Work task:
Give back only the lines in the records below from the one with "Boton cuadrado blanco mosquito" to the one with "Welcome to New England Woodturning Supplies", both inclusive, word for word.

Provided entries:
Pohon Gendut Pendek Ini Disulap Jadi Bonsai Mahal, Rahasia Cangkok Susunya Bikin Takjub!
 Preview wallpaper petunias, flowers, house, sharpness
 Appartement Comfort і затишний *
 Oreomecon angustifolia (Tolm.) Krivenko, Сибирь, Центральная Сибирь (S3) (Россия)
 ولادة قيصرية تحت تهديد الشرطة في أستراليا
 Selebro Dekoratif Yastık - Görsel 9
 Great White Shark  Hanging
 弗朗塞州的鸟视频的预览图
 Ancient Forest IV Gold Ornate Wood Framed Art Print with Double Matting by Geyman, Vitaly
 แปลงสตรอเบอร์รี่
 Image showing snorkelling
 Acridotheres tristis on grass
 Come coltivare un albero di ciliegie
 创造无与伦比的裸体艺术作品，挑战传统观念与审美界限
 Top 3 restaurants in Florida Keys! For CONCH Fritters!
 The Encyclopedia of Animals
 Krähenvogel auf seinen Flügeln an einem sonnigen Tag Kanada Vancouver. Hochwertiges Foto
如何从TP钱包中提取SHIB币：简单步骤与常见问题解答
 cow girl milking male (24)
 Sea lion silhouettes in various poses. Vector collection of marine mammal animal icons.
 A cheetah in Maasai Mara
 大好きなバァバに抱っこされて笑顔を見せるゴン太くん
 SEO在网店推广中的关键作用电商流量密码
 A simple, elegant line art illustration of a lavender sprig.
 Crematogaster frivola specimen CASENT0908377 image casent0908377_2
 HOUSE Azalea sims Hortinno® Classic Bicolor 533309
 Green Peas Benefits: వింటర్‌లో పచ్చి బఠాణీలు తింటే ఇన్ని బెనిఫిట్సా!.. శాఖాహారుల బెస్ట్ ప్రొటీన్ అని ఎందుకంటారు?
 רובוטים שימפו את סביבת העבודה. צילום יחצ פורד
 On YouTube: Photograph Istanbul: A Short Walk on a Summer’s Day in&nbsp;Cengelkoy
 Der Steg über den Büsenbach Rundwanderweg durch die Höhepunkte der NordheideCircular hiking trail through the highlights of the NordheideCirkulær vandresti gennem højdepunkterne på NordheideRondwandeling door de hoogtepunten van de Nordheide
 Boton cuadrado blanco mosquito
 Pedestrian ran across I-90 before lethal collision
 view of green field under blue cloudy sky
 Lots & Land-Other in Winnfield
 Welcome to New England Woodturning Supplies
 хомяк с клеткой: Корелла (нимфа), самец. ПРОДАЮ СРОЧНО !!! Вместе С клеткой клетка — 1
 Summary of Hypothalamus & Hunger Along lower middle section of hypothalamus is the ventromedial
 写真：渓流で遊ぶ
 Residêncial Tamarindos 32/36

Your response:
 Boton cuadrado blanco mosquito
 Pedestrian ran across I-90 before lethal collision
 view of green field under blue cloudy sky
 Lots & Land-Other in Winnfield
 Welcome to New England Woodturning Supplies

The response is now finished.